Y agregó que las exportaciones ucranianas de granos están próximas a alcanzar su nivel más bajo desde abril de 2022, cuando registraron el peor desempeño desde el inicio de la guerra, en febrero de ese año. A su vez, se estima que los embarques de trigo ruso en agosto serán los menores desde 2010.

Según Max Capital, los compradores internacionales de trigo ya no pueden seguir esperando que se normalice la logística en el Mar Negro y comenzaron a buscar alternativas para garantizar el abastecimiento. En ese contexto, el trigo argentino empieza a ganar movimiento en el mercado.

La producción de Rusia y Ucrania es muy buena, pero el principal problema es la disponibilidad. La dificultad para sacar el cereal de la región llevó a los compradores a explorar otros orígenes. La semana pasada, por ejemplo, se concretó un negocio de trigo francés con destino a Sudán, algo que no ocurría desde hace 18 años.

Si esta tendencia se consolida, resalta Max Capital, los orígenes alternativos podrían recibir una mayor demanda y generar una “inyección de compras” que se traduzca en mejores precios. Sin embargo, el escenario podría cambiar rápidamente si se encuentra una solución para la logística del Mar Negro, lo que podría generar una baja en las cotizaciones.

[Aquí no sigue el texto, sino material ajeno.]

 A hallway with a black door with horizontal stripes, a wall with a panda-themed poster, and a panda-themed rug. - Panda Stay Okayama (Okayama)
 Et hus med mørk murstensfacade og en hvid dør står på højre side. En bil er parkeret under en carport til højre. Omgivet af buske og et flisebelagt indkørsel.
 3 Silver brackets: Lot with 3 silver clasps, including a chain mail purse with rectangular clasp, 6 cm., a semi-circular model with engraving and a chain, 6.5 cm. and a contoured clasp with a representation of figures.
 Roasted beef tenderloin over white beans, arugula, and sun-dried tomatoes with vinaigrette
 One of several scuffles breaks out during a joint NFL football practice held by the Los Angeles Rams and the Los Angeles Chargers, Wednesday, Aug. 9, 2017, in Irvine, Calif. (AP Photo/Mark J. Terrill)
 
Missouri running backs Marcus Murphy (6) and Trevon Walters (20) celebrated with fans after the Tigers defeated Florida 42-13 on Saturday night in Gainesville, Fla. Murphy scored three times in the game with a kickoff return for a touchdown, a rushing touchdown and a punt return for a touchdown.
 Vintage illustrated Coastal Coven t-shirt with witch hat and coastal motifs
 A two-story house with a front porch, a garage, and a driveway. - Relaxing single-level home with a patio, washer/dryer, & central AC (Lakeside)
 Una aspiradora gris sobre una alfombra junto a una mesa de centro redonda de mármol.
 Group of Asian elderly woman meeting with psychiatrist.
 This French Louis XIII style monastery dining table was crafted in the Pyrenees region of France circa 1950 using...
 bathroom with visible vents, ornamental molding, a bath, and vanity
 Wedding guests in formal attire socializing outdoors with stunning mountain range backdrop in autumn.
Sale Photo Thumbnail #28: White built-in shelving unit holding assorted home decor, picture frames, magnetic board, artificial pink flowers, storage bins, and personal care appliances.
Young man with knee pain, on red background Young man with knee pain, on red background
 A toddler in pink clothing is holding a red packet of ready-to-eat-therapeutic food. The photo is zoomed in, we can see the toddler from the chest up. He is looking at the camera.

Mientras tanto, el precio del maíz se ubica por encima de los USD 200 y alcanzó máximos en un año y medio. De acuerdo a la Bolsa de Comercio de Rosario (BCR), en EEUU, los resultados del Pro Farmer Crop Tour mostraron rindes inferiores a los previstos por el USDA en estados clave como Iowa, Illinois y Nebraska, lo que generó expectativas de una oferta más ajustada y llevó las cotizaciones en Chicago a máximos desde febrero de 2025.

A esto se sumó el deterioro de la producción europea por la ola de calor y las dificultades de exportación en el Mar Negro, que redujeron las perspectivas de disponibilidad global.